Soy fan del fútbol, y mi equipo favorito es el Real Madrid, mientras que mi hermano es fan del Barcelona. Cada que estos equipos se enfrentan, mi hermano y yo hacemos apuestas supertontas. Hace poco apostamos que quien perdiera se vestiría de pollo y tendría una cita con su novio o novia. Total que acepté y ¡perdí!, y tuve que pagar mi apuesta. Lo malo es que a mi amorcito se le ocurrió presentarme a sus papás ese día.
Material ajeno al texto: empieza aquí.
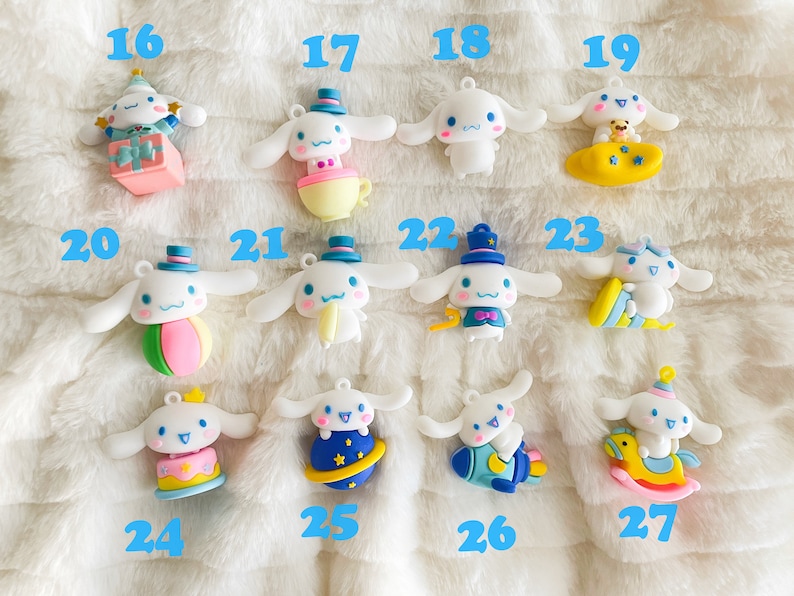 May include: A collection of 12 white plush dog charms with different colored accessories. The charms are numbered 16 through 27. Each charm features a different design, including a birthday cake, a ball, a teacup, a rocket, a rocking horse, and a planet.
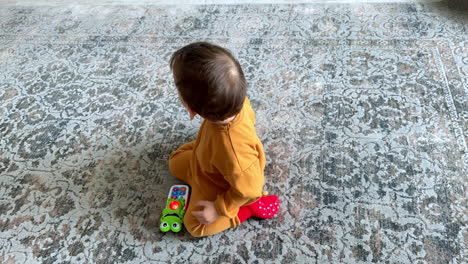 baby boy in orange suit sitting on the floor playing with toy phone. kid pressing the buttons on the toy. top view.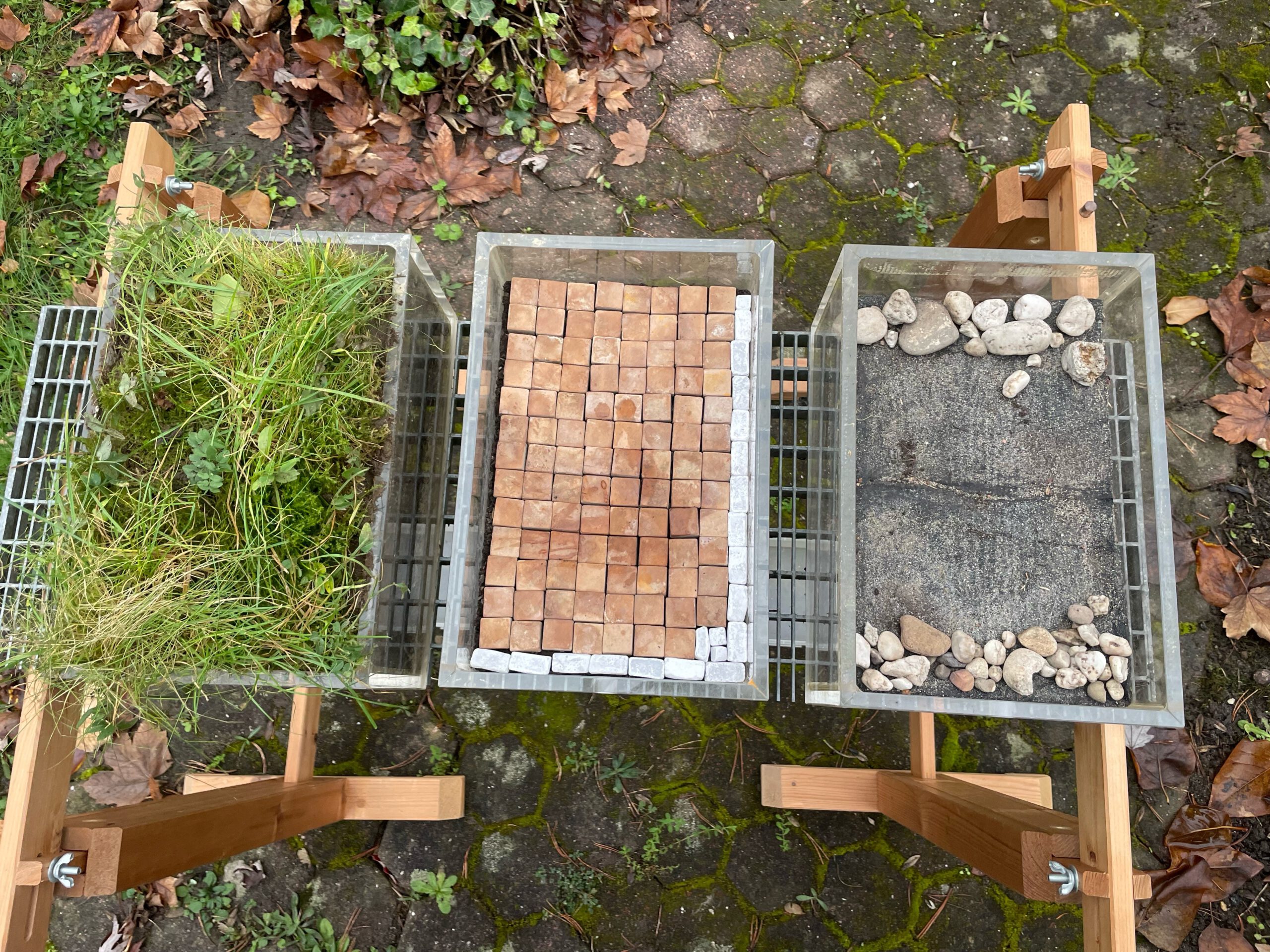 Drei Kästen mit unterschiedlichen Bodenbelägen - Gras, Steine und Dachpappe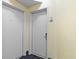 Hallway view with white doors, unit number 831, blue carpet, and pale-yellow walls at 2501 S Ocean Blvd. # 831, Myrtle Beach, SC 29577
Empecé a sudar y morí de pena porque mis suegros no paraban de reír.

Ingrid

Era una broma

Hace poco, al bus de transporte público se subió un payasito callejero a hacer su show, y además de gracioso, la verdad lucía bastante lindo. Total, durante su acto el payasito empezó a echarme los perros y hasta un beso me pidió, y yo sin pensar se lo di, lo penoso es que todo era parte de su show y él en realidad ni quería que lo besara. Al final, él se bajó y yo me quedé superapenada frente a todos los pasajeros.

Marichelo

La cenicienta 

Un día me desperté supertarde y tenía examen en la primera clase, así que salí de casa apresurada, despeinada, desmaquillada y con la ropa arrugada. Pero eso no fue lo peor, sino que al subir al autobús uno de mis zapatos se me salió, rodó por los escalones y cayó en la acera. Aunque pude haberme bajado por él, decidí seguir y llegar a tiempo a mi examen. Estuve descalza todo el día y me apodaron Cenicienta.

Ren

Adiós toalla 

Mis papás están divorciados, así que muy seguido mi papá viene para invitarme a salir, traerme regalos o cosas que necesito. Un sábado, él apareció afuera de mi casa y me pidió que bajara por algo que me había traído, pero acababa de bañarme y bajé con sandalias, una toalla en la cabeza y otra en mi cuerpo. Lo malo fue que al salir tropecé con el tapete de la puerta y, al caer, se me desamarró la toalla que traía en el cuerpo. Todo ocurrió frente al papacito de mi vecino.